▸ Exercise aim
Which lines run from the line with "Frontal portrait of" to the end of the entries? Write out exactly those, leaving out the pictures.

[Stored dataset items]
━━━━━━━━━━
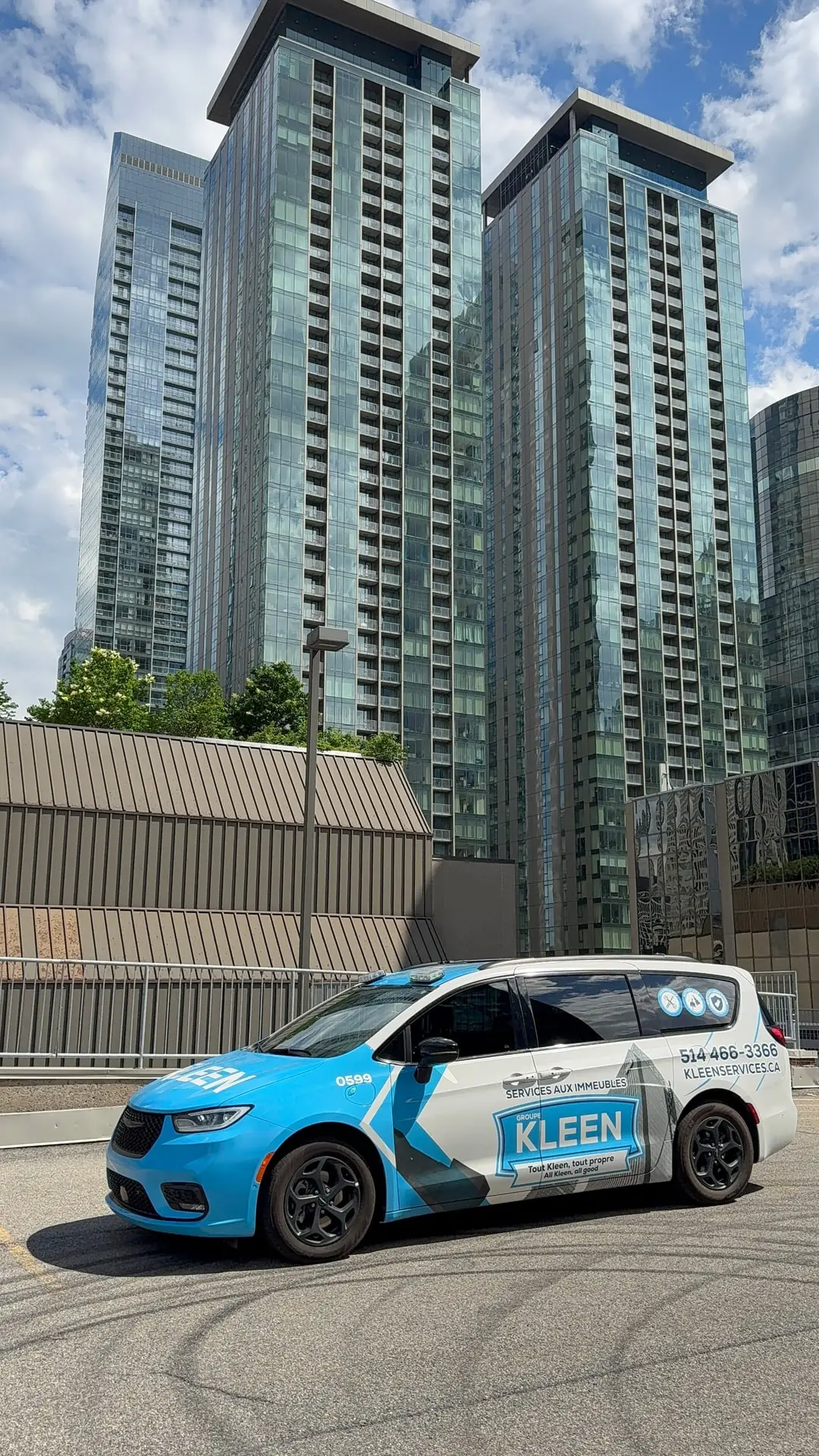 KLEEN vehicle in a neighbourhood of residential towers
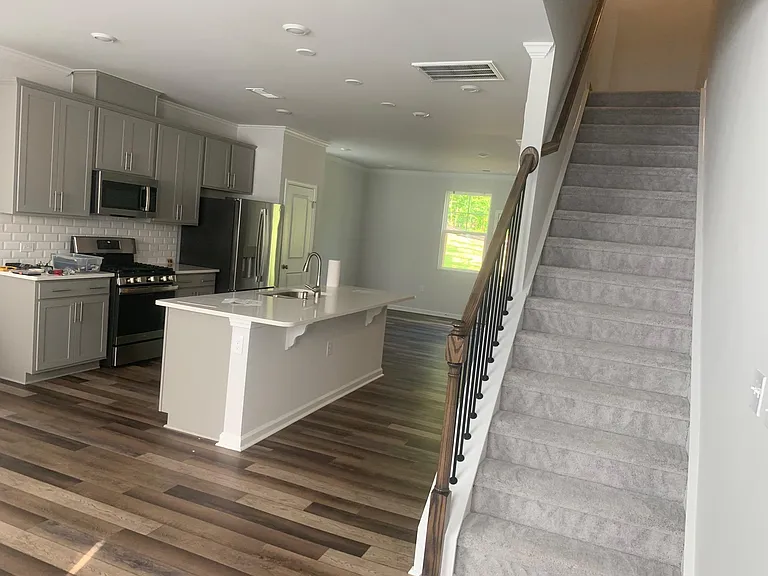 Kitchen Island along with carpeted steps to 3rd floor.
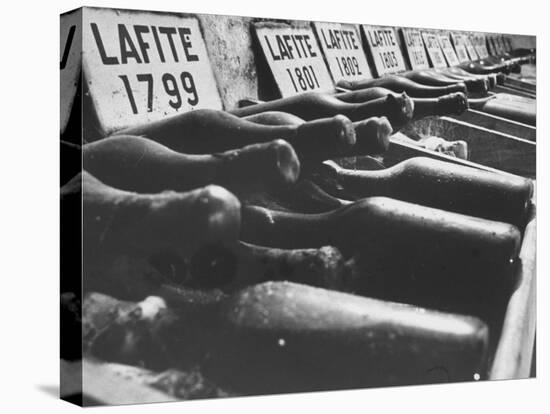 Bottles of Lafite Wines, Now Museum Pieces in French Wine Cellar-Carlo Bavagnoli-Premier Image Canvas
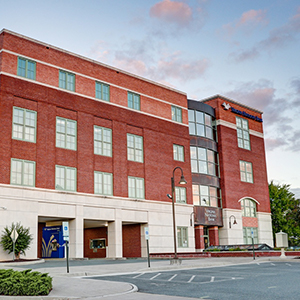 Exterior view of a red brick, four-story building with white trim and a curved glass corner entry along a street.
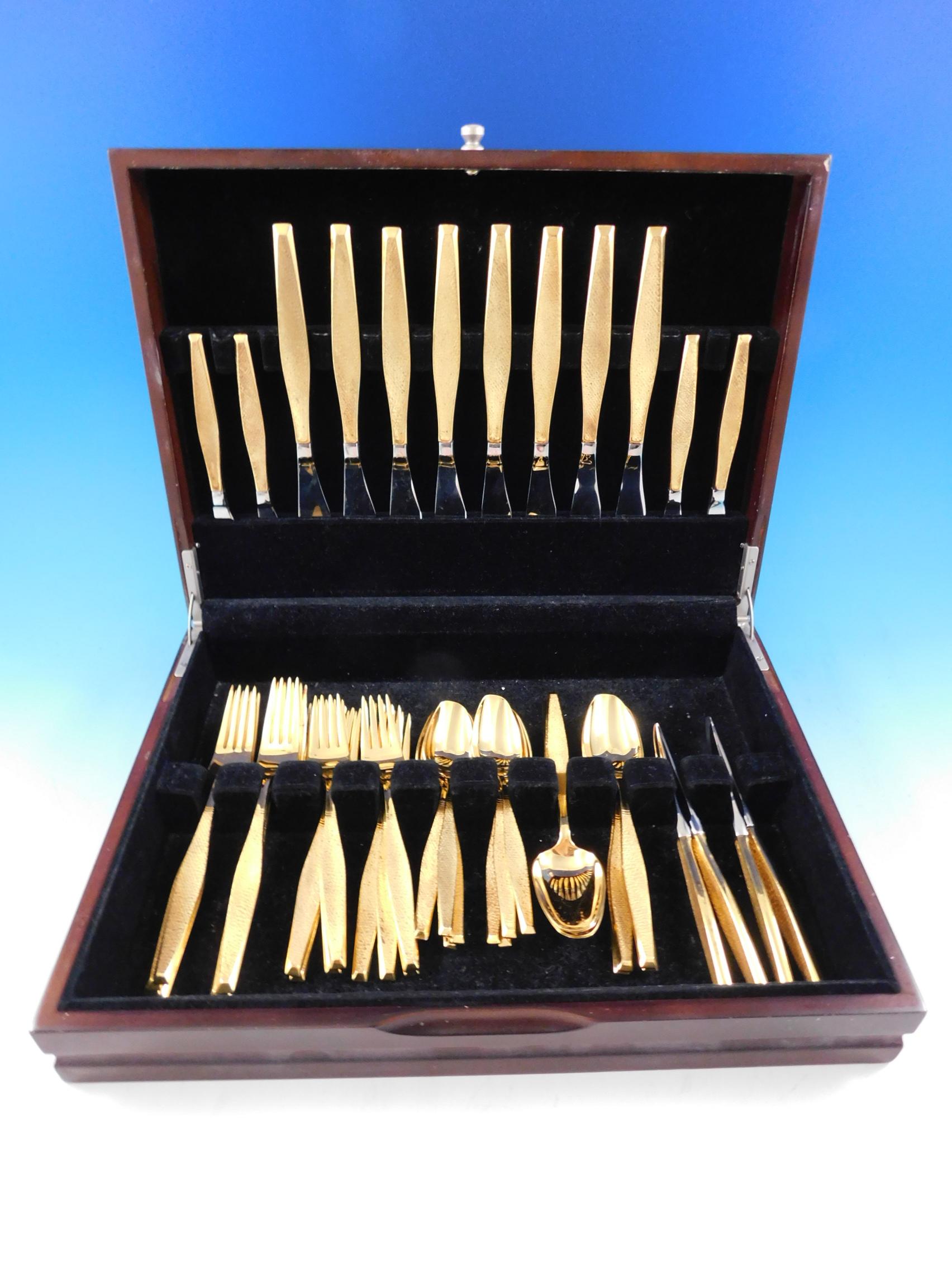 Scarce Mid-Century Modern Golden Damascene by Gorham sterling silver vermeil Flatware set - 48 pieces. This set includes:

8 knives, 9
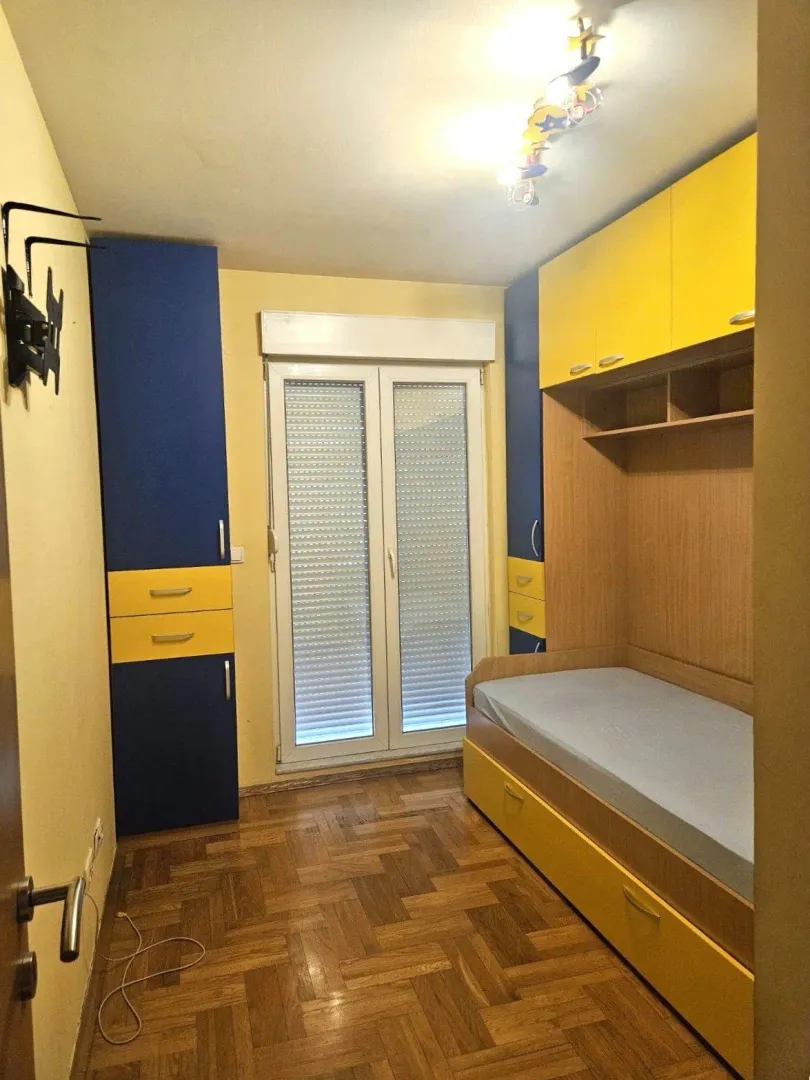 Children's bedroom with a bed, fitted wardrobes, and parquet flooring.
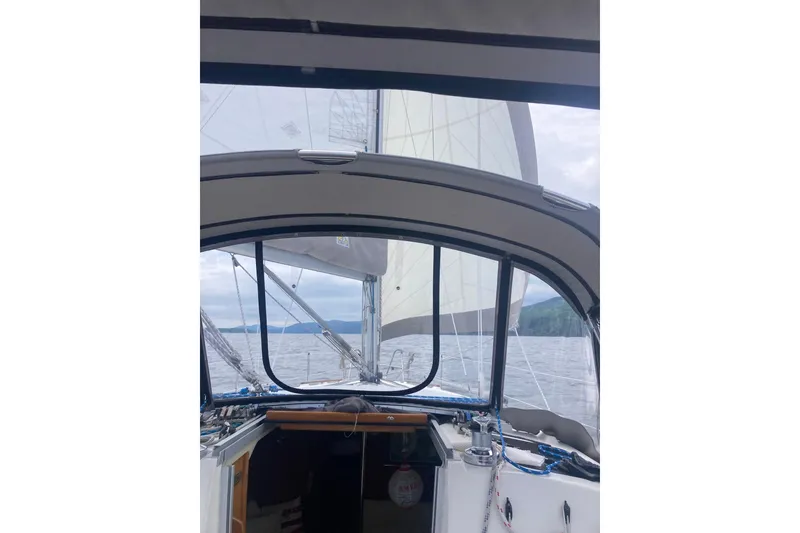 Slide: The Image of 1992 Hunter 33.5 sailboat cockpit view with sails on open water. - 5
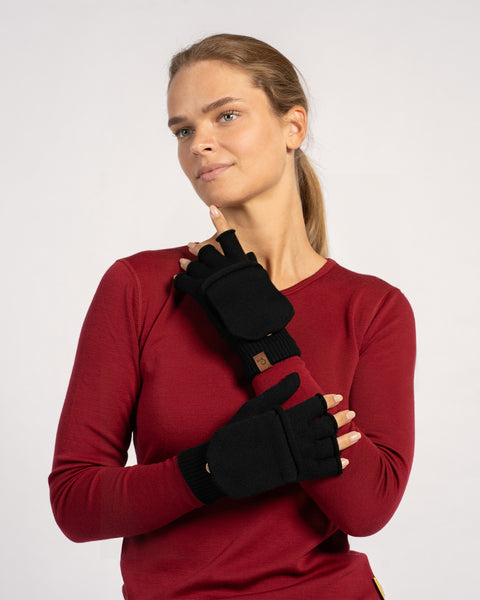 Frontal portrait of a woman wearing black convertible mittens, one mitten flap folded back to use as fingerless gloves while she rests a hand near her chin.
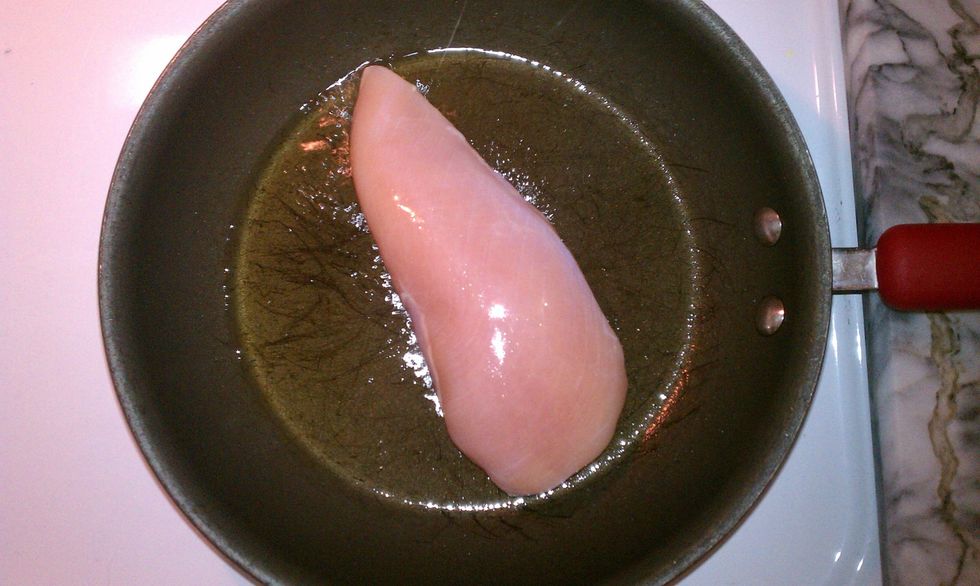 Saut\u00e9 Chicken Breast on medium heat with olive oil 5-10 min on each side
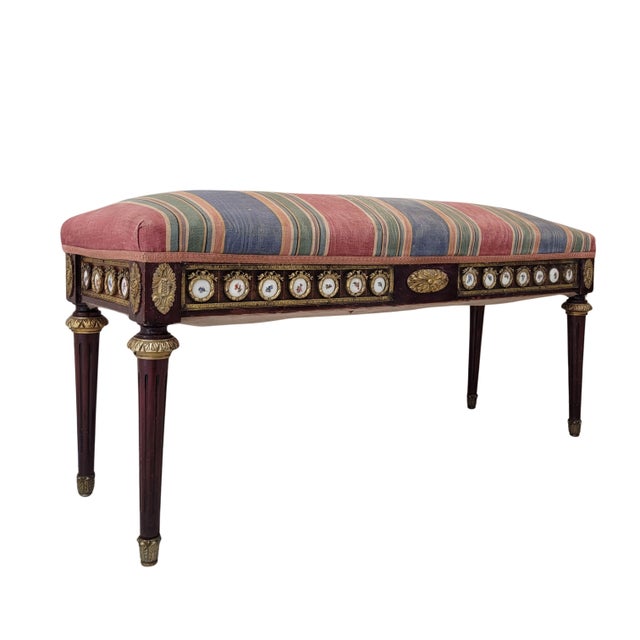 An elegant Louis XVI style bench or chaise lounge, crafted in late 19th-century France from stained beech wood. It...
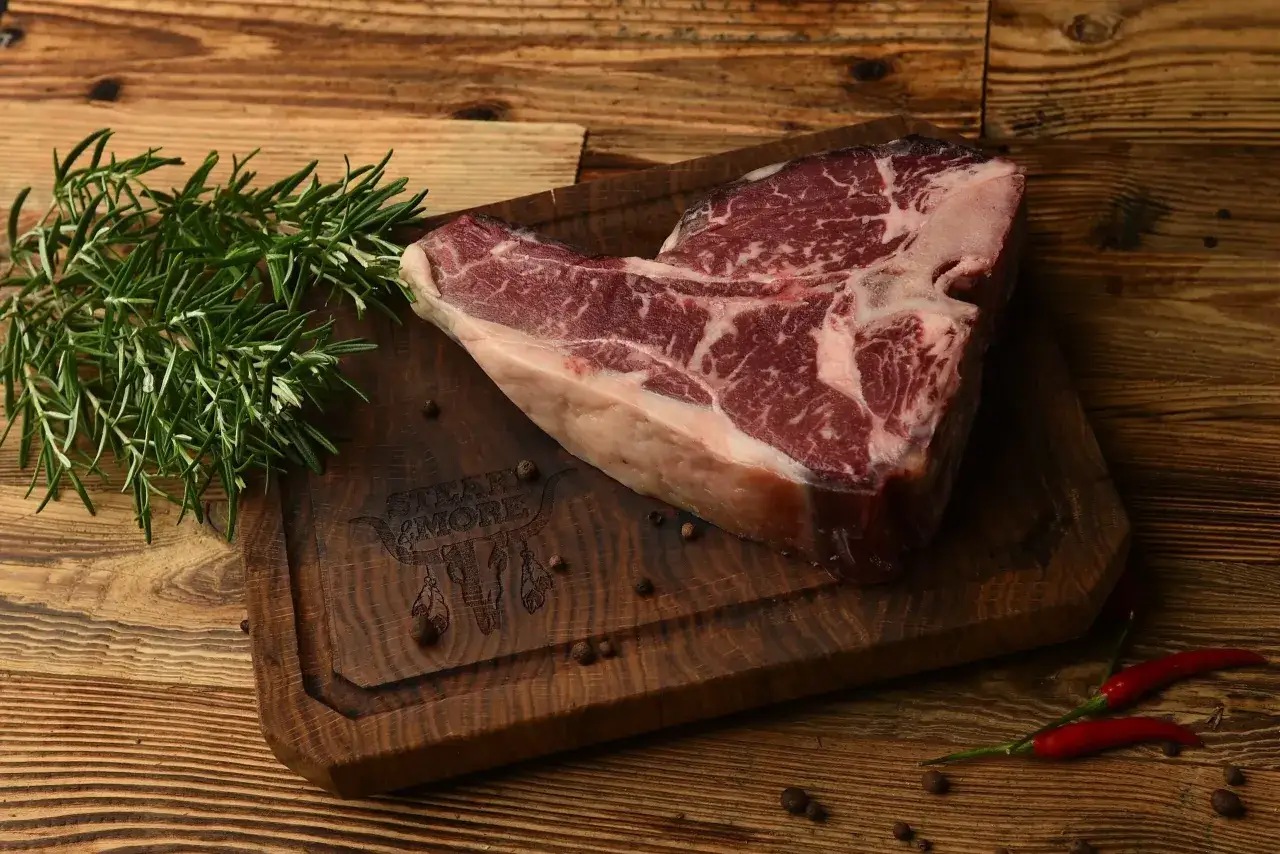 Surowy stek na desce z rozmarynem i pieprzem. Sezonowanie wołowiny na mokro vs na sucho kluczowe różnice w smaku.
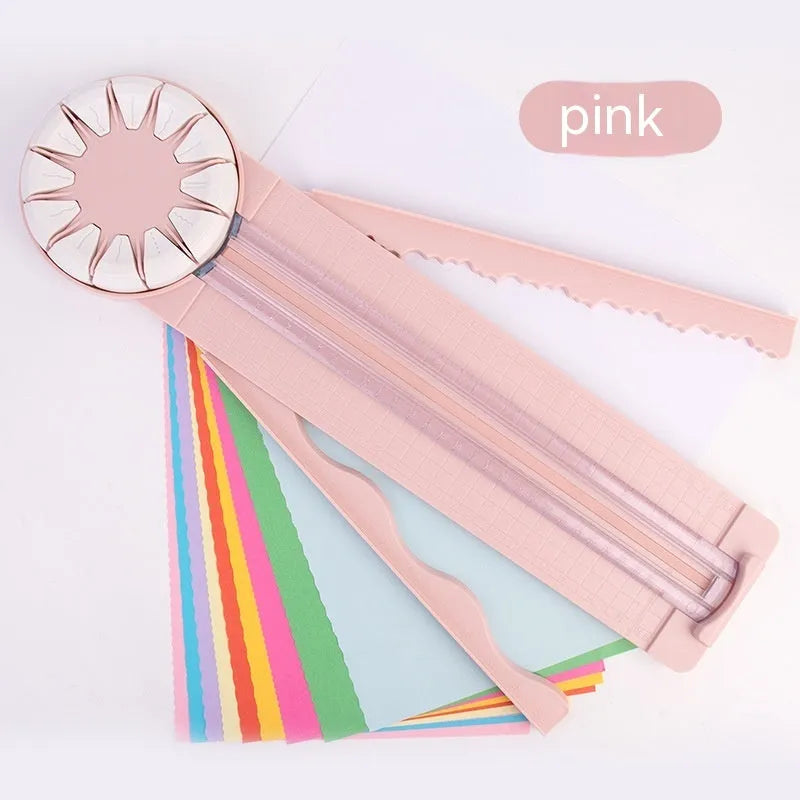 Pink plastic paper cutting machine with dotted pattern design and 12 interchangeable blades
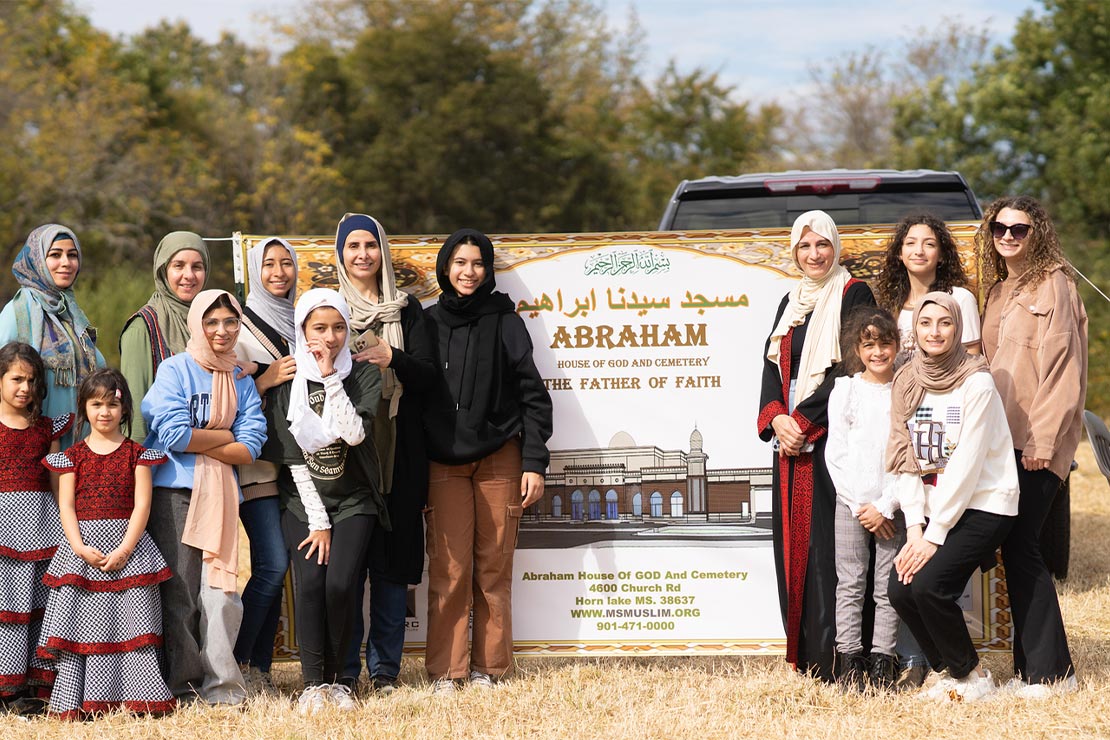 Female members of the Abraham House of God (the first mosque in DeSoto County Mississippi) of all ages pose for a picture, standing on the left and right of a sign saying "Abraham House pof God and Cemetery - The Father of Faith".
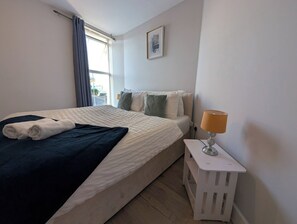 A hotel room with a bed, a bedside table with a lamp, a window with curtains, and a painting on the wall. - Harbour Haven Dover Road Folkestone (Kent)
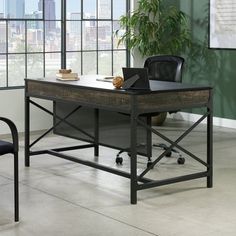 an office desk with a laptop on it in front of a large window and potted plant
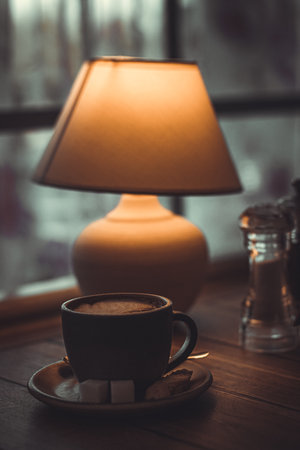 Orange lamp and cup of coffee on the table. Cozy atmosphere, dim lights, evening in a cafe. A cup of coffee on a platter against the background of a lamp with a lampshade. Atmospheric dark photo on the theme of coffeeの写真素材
━━━━━━━━━━
▸ Result for this task
 Frontal portrait of a woman wearing black convertible mittens, one mitten flap folded back to use as fingerless gloves while she rests a hand near her chin.
 Saut\u00e9 Chicken Breast on medium heat with olive oil 5-10 min on each side
 An elegant Louis XVI style bench or chaise lounge, crafted in late 19th-century France from stained beech wood. It...
 Surowy stek na desce z rozmarynem i pieprzem. Sezonowanie wołowiny na mokro vs na sucho kluczowe różnice w smaku.
 Pink plastic paper cutting machine with dotted pattern design and 12 interchangeable blades
 Female members of the Abraham House of God (the first mosque in DeSoto County Mississippi) of all ages pose for a picture, standing on the left and right of a sign saying "Abraham House pof God and Cemetery - The Father of Faith".
 A hotel room with a bed, a bedside table with a lamp, a window with curtains, and a painting on the wall. - Harbour Haven Dover Road Folkestone (Kent)
 an office desk with a laptop on it in front of a large window and potted plant
 Orange lamp and cup of coffee on the table. Cozy atmosphere, dim lights, evening in a cafe. A cup of coffee on a platter against the background of a lamp with a lampshade. Atmospheric dark photo on the theme of coffeeの写真素材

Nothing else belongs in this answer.